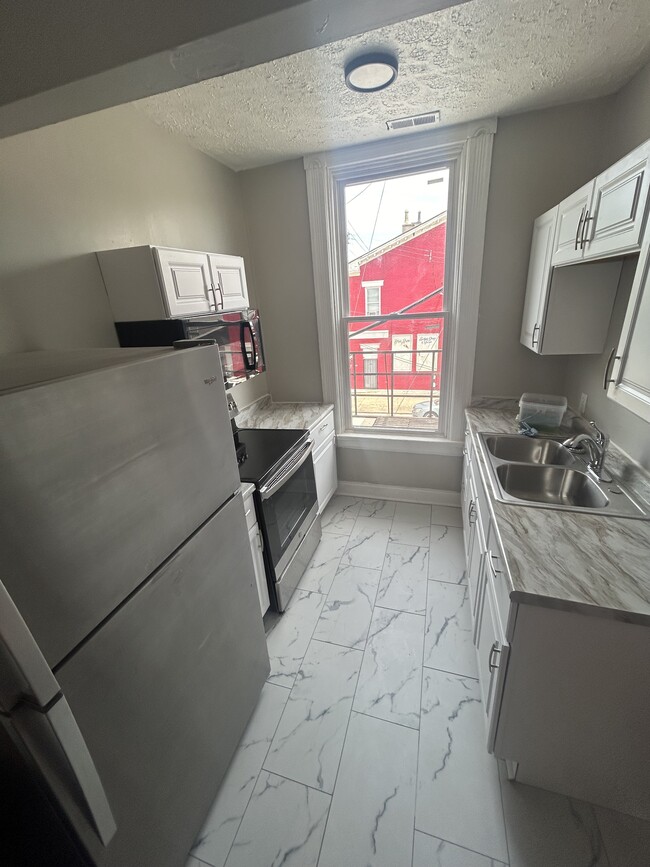 Photo - 231 E 11th St Unit 2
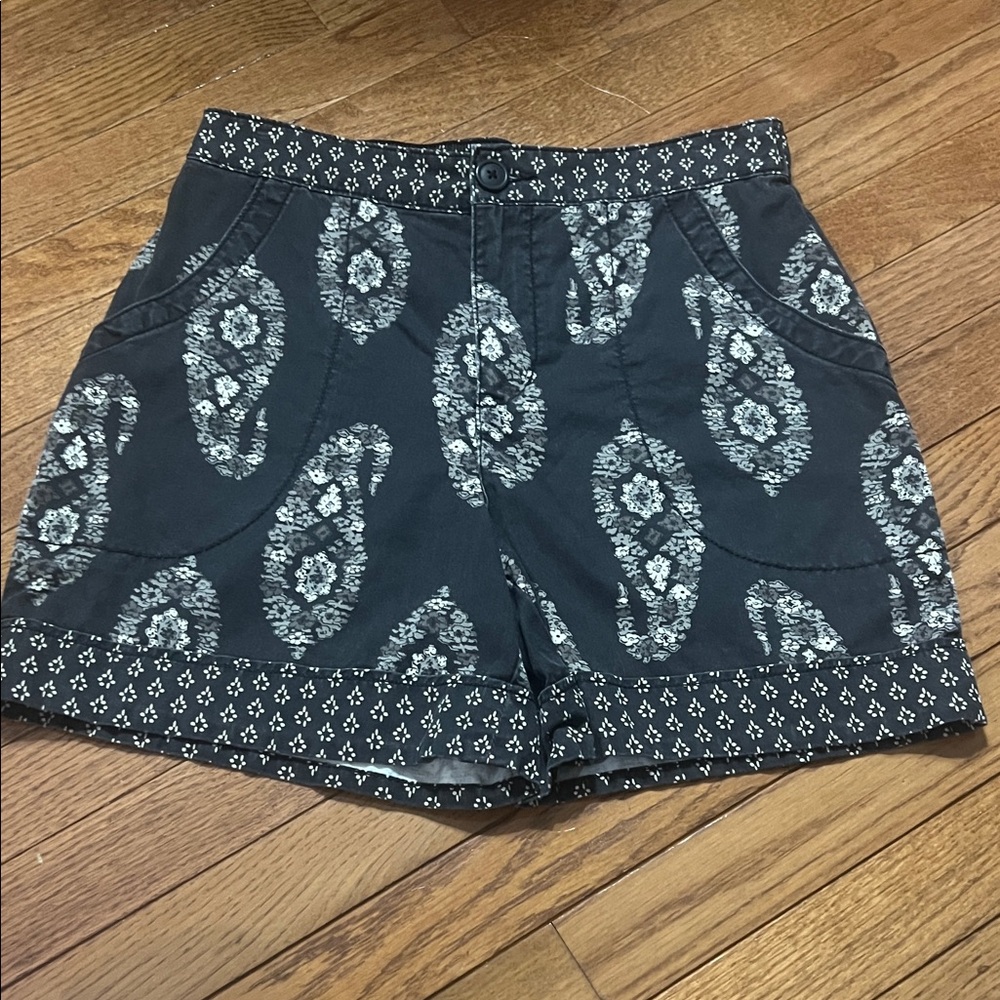 Knox Rose Black and White Patterned Women Shorts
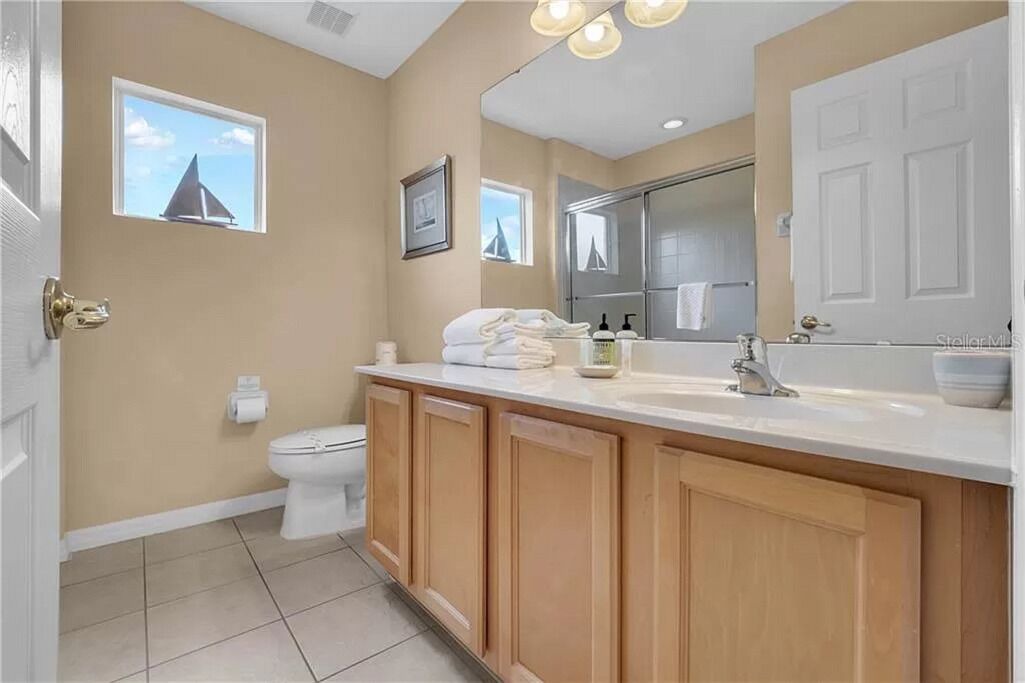Photo of Bathroom in Watersong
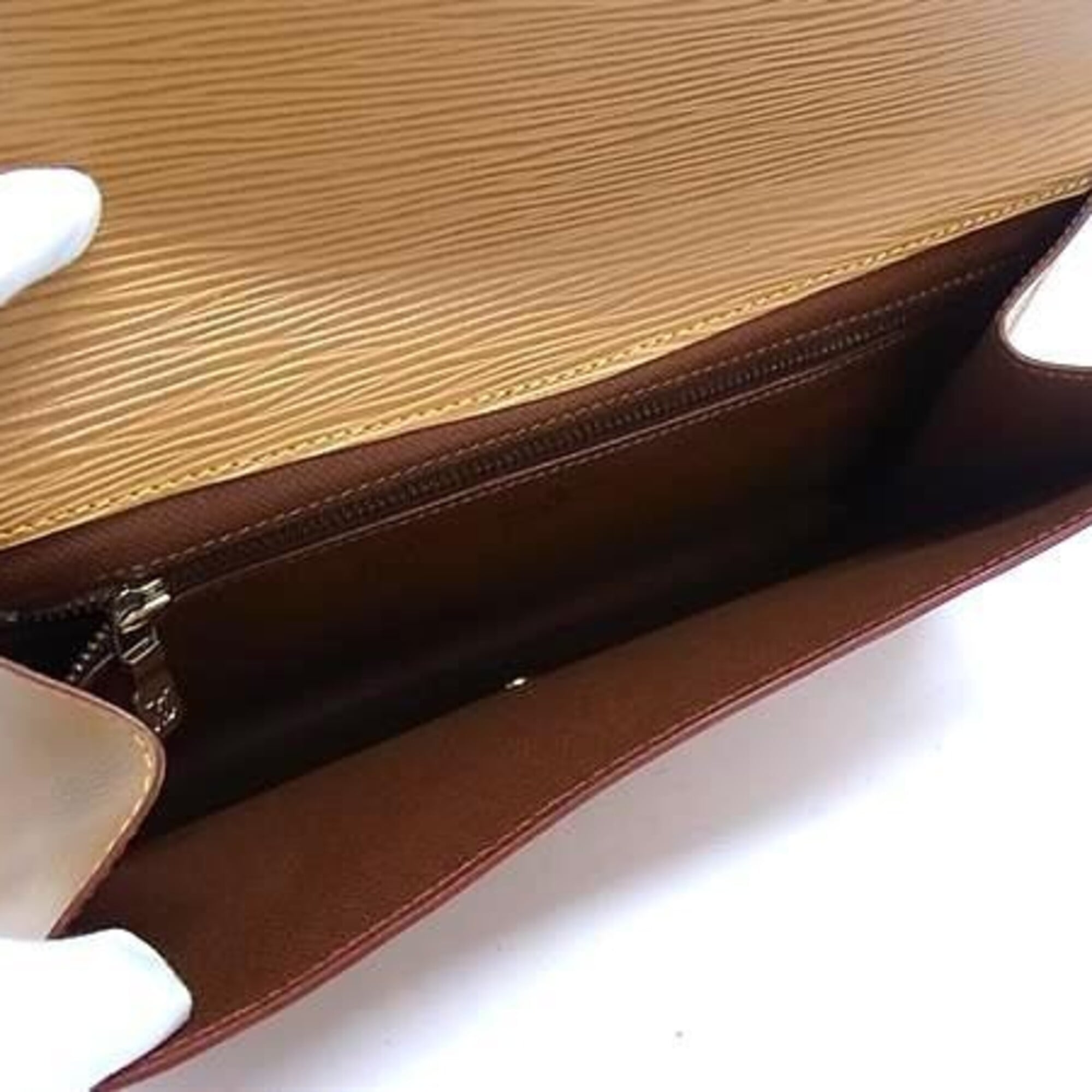 Louis Vuitton Beige Winnipeg Beige Epi Leather Clutch Bag (Pre-Owned)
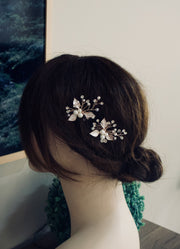 Bridal hair pins Wedding hair pins Pearl and crystal wedding hair piece Pearl wedding hair vine Bridal hair piece Pearl bridal hair vine
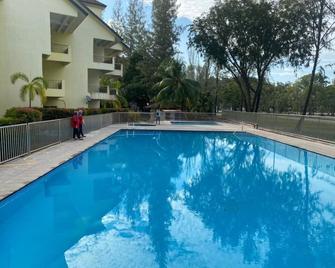 Capital O 89484 Teluk Batik Resort - Lumut - Piscina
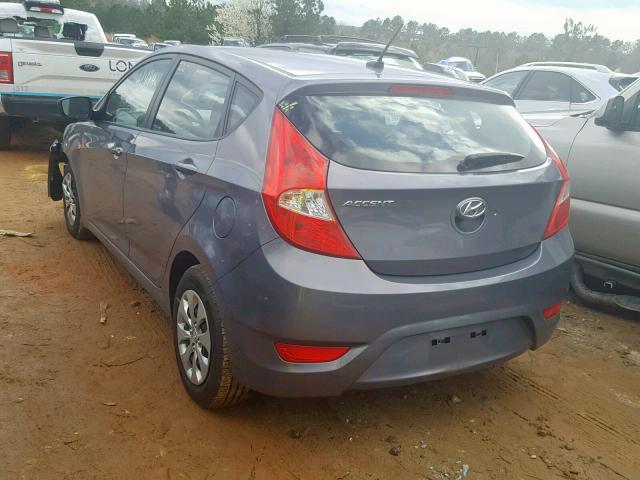 KMHCT5AE5HU334536 - 2017 HYUNDAI ACCENT SE GRAY photo 3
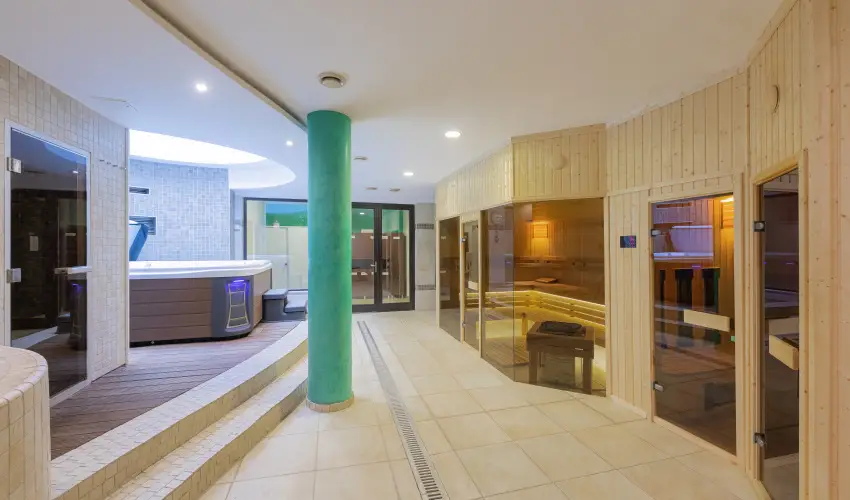 Bazilika alatti Panzi Esztergom - nnepi Wellness a Csillagok Alatt (min. 2 j)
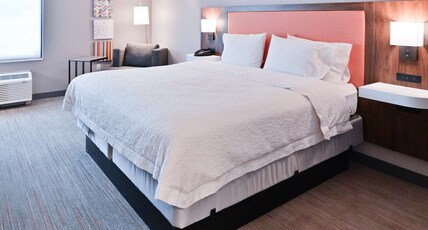 Hampton Inn by Hilton Fremont Room Type - KING STANDARD-NON SMOKING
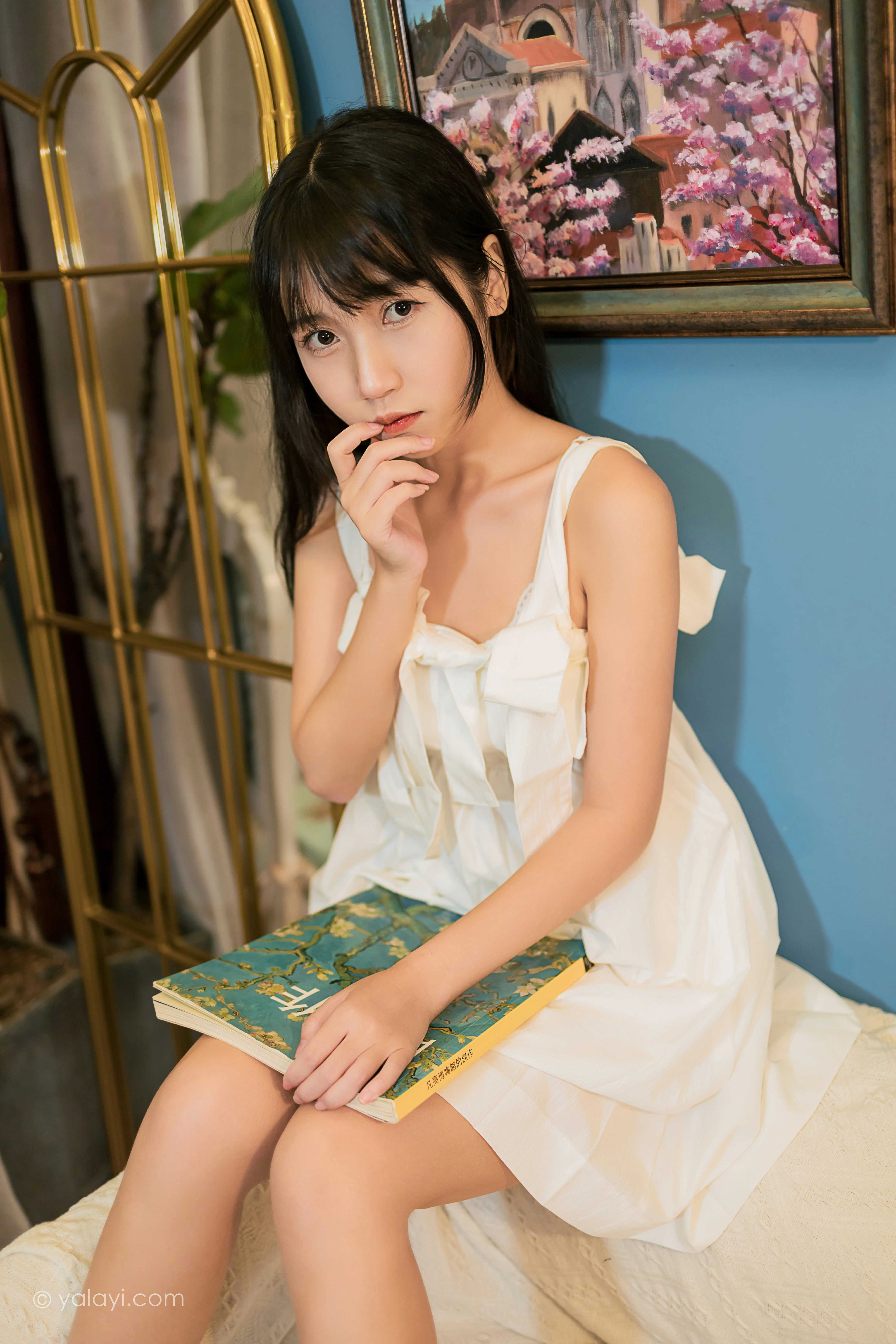 [YALAYI雅拉伊]NO.857 谁的杰作 弈思 白色吊带连衣裙居家性感写真集第12张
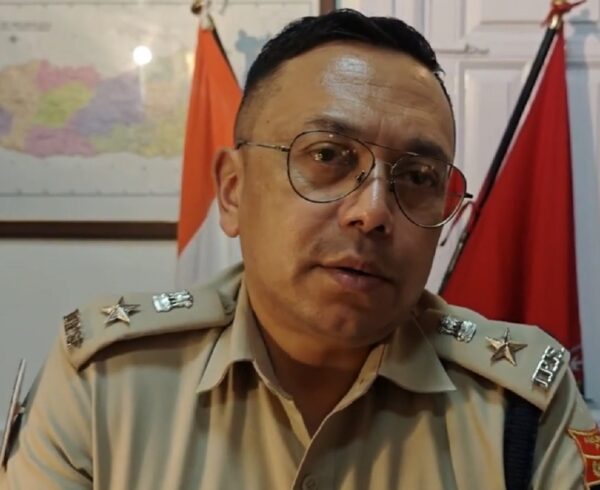 Laban PS hit with petrol bombs: gypsy damaged, manhunt on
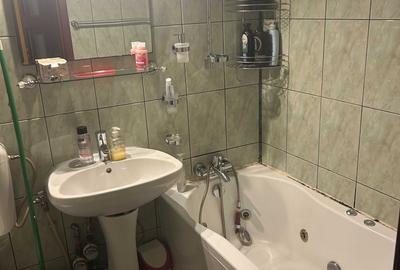 Apartament cu 3 camere decomandat în Berceni - 4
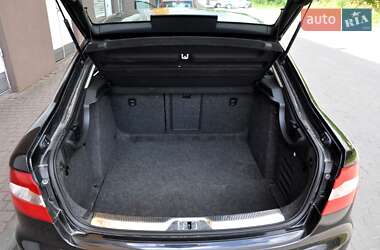 Лифтбек Skoda Superb 2011 в 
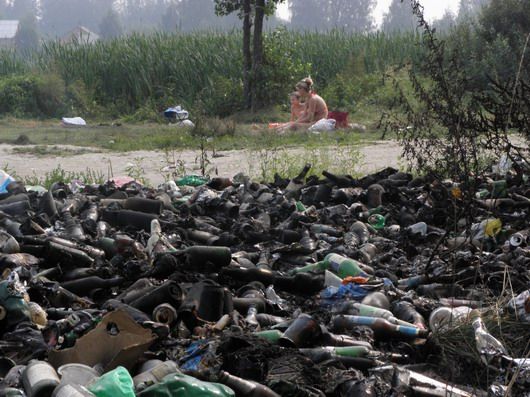 Požár v Rusku vznikne snadno. Zbytek ohořelých odpadků u jezera v Kupavně. | Foto: Jiří Just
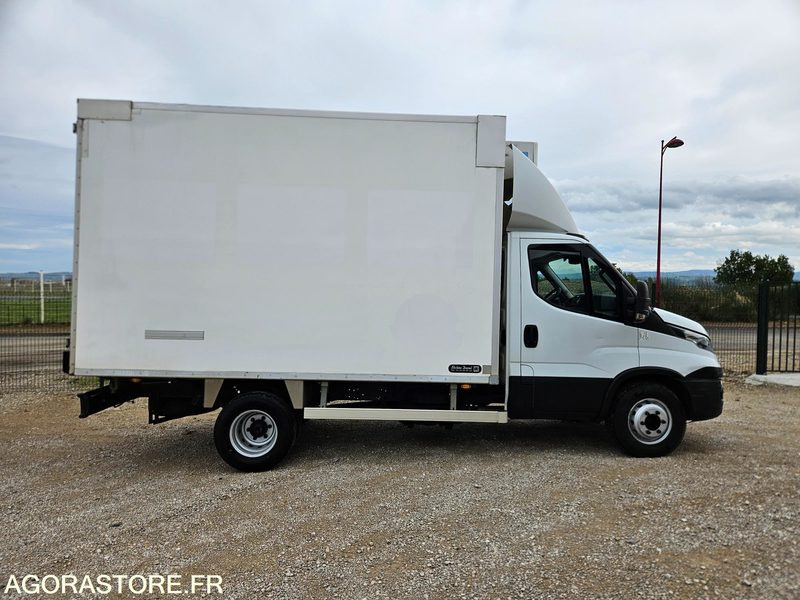 IVECO DAILY 72C21 PORTE VIANDE FRIGORIFIQUE - 2017 - Camião: foto 1 IVECO DAILY 72C21 PORTE VIANDE FRIGORIFIQUE - 2017 - Camião: foto 1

============

TASK TO CARRY OUT:
Word for word, return the material, omitting the pictures.

TASK ANSWER:
 Photo - 231 E 11th St Unit 2
 Knox Rose Black and White Patterned Women Shorts
Photo of Bathroom in Watersong
 Louis Vuitton Beige Winnipeg Beige Epi Leather Clutch Bag (Pre-Owned)
 Bridal hair pins Wedding hair pins Pearl and crystal wedding hair piece Pearl wedding hair vine Bridal hair piece Pearl bridal hair vine
 Capital O 89484 Teluk Batik Resort - Lumut - Piscina
 KMHCT5AE5HU334536 - 2017 HYUNDAI ACCENT SE GRAY photo 3
 Bazilika alatti Panzi Esztergom - nnepi Wellness a Csillagok Alatt (min. 2 j)
 Hampton Inn by Hilton Fremont Room Type - KING STANDARD-NON SMOKING
 [YALAYI雅拉伊]NO.857 谁的杰作 弈思 白色吊带连衣裙居家性感写真集第12张
 Laban PS hit with petrol bombs: gypsy damaged, manhunt on
 Apartament cu 3 camere decomandat în Berceni - 4
 Лифтбек Skoda Superb 2011 в 
 Požár v Rusku vznikne snadno. Zbytek ohořelých odpadků u jezera v Kupavně. | Foto: Jiří Just
 IVECO DAILY 72C21 PORTE VIANDE FRIGORIFIQUE - 2017 - Camião: foto 1 IVECO DAILY 72C21 PORTE VIANDE FRIGORIFIQUE - 2017 - Camião: foto 1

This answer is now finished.